Звоню утром Маршаку, прощаюсь с ним
[121]. Делаю прощальный визит Малюгину. Иду в четыре часа к Заболоцкому. Узнаю, что сегодня вдруг заболела их Наташа. Доктор определил аппендицит, подострый. Операцию можно отложить до окончания экзаменов, но все же решительное слово тут может сказать только хирург. Однако обед у Заболоцких сказывается — я пропустил ряд событий. Возвращаюсь к Малюгину. Посидевши у него немного, мы пошли с ним к Крону. Он собирался на репетицию в МХАТ, дописывал последние поправки, которые должен был туда отнести, и попросил нас посидеть пять минут в комнате рядом, чтобы потом идти вместе. Мы переходим в столовую, где есть телефон. Звоню. У большинства моих знакомых москвичей квартиры имеют вид обиженный и заброшенный. Впечатление такое, будто их обставили и приодели лет пять назад да и бросили этим заниматься. Здесь не грязно, нет, но все кажется, будто домой люди забегают только перекусить и переспать. Когда Крон кончает работу, мы идем втроем до улицы Горького, где и расстаемся. Крон спешит во МХАТ, а Малюгин меня сопровождает в МТЮЗ. Там — общественный просмотр все тех же «Отверженных». Договорившись с директором обо всех делах, в антракте встречаюсь с Пукшанской, Михалковым, Ремизовой. По дороге домой захожу в маленькое почтовое отделение, даю Катюше телеграмму о своем завтрашнем отъезде. В глубине за дверью кто‑то плачет. Узнаю, что у одной из сотрудниц двенадцатилетний мальчик ушел в пятницу и не вернулся, пропал. А сегодня вторник! Остальные сотрудницы горячо обсуждают событие. Одни осуждают мать, другие — сына. Директор МТЮЗа показал мне новый приказ Моссовета, запрещающий детям находиться на улице после десяти часов. Шофер, который везет меня к Заболоцким, горячо этот приказ приветствует. Вот только когда я добрался к Заболоцким. Наташа Заболоцкая лежит очень веселая, болей нет. Обед, похожий на предыдущий. Заходит Василий Гроссман, чтобы узнать о Комарове. Заболоцкий поит вином столь сурово, требовательно и поучительно, что домой я попадаю к одиннадцати. Идем с Наташей к Акимову. Он улетает завтра в Вильнюс. Он передает Юнгер посылку и деньги. Я в таком вдохновенном и веселом духе, что едва — едва, только — только прихожу в себя. Читаю «Студентов».

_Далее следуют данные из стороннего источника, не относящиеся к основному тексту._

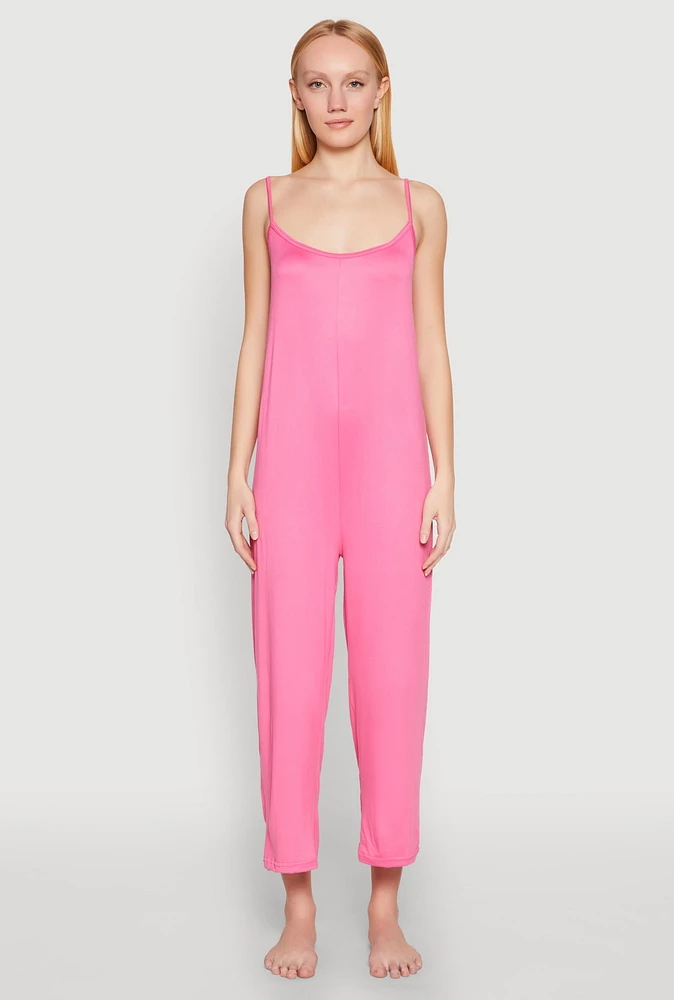Womens Soft Knit Cami Pajama Onesie, Pink, Size L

Ну вот и пришел последний день моего пребывания в Москве. Перечитываю мои записи и радуюсь, что не пропадут эти житейские, столь обожаемые мною мелочи, которых я до сих пор не переживал и не переживу больше: 11–18 апреля 1951 года, пятьдесят пятый год моей жизни. Все их не соберешь и не запишешь по ряду причин, но и записанного довольно для того, чтобы мне казалось — зарубки сделаны, и в любое время я могу воскресить в памяти этот крошечный отрезок жизни. Портили мне его заботы и волнения, бывало, что я скучал, но этих дней больше не будет, как не повторится ни одна секунда моей жизни. Обо всем этом я думал, а во всем теле чувствовал страх: вот- вот заболит голова, вот — вот начнутся угрызения совести. Но я стряхнул полусонные, приятные и неприятные полумысли, получувства и поднялся наверх. Нина Владимировна попеняла на легкомыслие моего поведения — последний вечер, а я не провел его с дочкой. У Андрюши разыгрался настоящий грипп: он чихает и, чихнув, смеется добродушно. Вернувшись вниз, я пишу сказочку, которую обещал в Детгизе. Нина Владимировна по моей просьбе перепечатывает ее. В Детгизе ее читают и одобряют, что ничего не значит. Они там ничего окончательно не решают. Календарь, для которого написана сказочка, пройдет еще несколько инстанций. Холодно. Моросит дождик. Пробую купить Катюше подарок в Мосторге. Не удается. Захожу в Столешников переулок, в комиссионный магазин. Ничего не найдя, покупаю ей конфет в большой кондитерской на улице Горького, не дойдя до Пушкинского бульвара. Пушкин стоит теперь по ту сторону площади. Непривычно, но мне скорее нравится. Покупаю ландыши, привожу Нине Владимировне за перепечатку. Наташи нет. Иду к Чуковским, и тут дождь становится проливным. Промокает пальто, со шляпы льет. Марина уехала в Малеевку к Коле. Переждав дождь, возвращаюсь домой… Когда мы спускаемся в мою комнату, успокаиваю Наташу. Я беспокоюсь, как всегда в вечер отъезда. Дождь прекращается. За окном — луна. Наташа уходит укладывать Андрея. У соседей плачет мальчик. Мне трудно поверить, что я уеду, и жалко Москву, В последнее время я в Москве и печатаюсь, и играюсь, если так можно выразиться перед отъездом.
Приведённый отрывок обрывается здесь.